### DATA PROVIDED

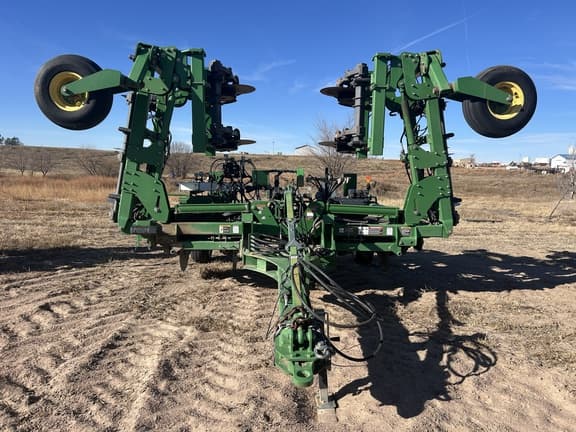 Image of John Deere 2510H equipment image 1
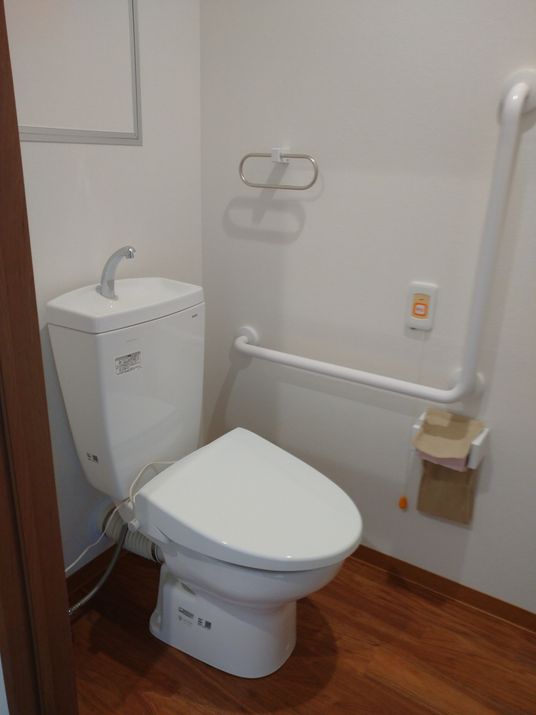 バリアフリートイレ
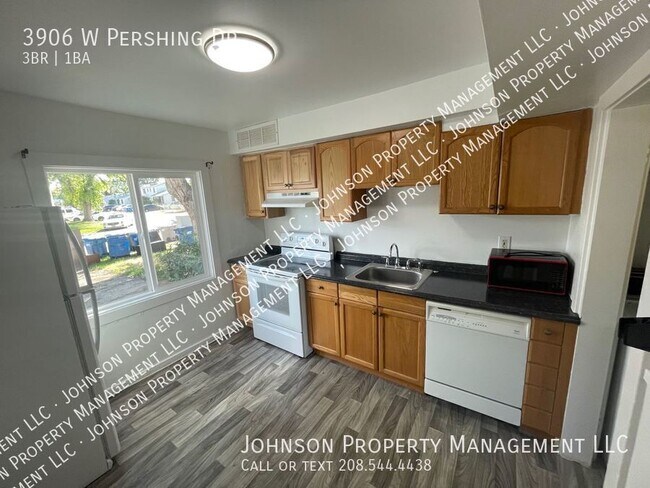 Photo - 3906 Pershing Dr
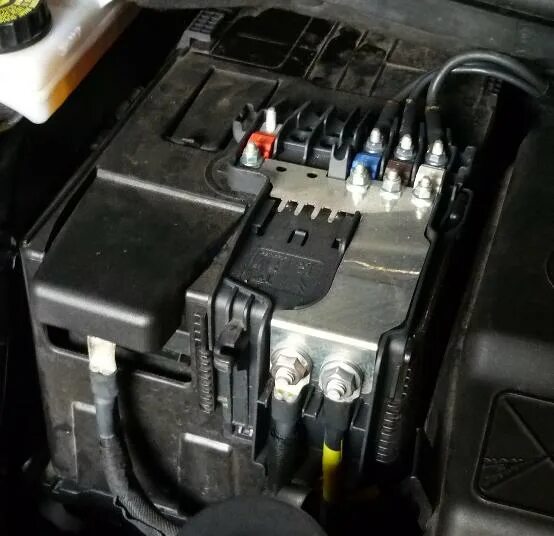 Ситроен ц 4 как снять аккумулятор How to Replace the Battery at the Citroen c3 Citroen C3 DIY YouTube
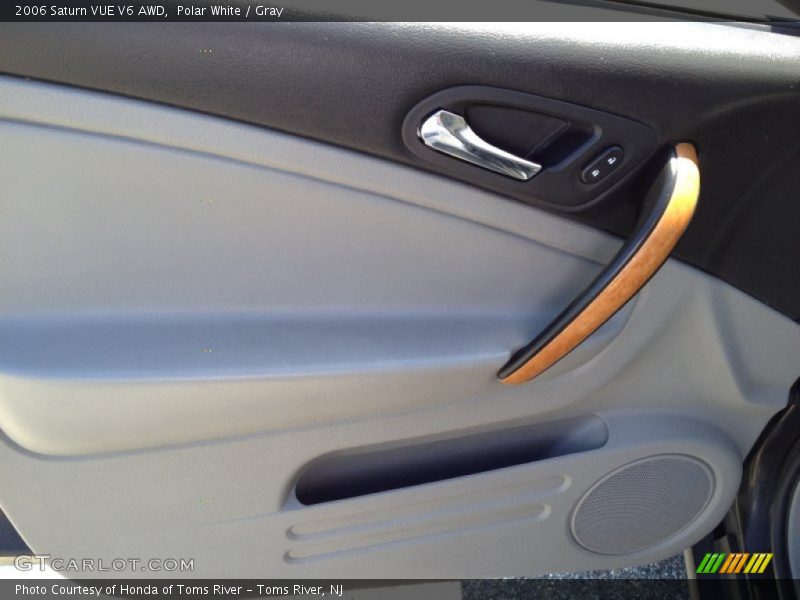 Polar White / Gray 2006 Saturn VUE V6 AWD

### YOUR INSTRUCTIONS
Your reply should be the full data above, copied exactly, with no pictures in it.

### RESPONSE
 Image of John Deere 2510H equipment image 1
 バリアフリートイレ
 Photo - 3906 Pershing Dr
 Ситроен ц 4 как снять аккумулятор How to Replace the Battery at the Citroen c3 Citroen C3 DIY YouTube
 Polar White / Gray 2006 Saturn VUE V6 AWD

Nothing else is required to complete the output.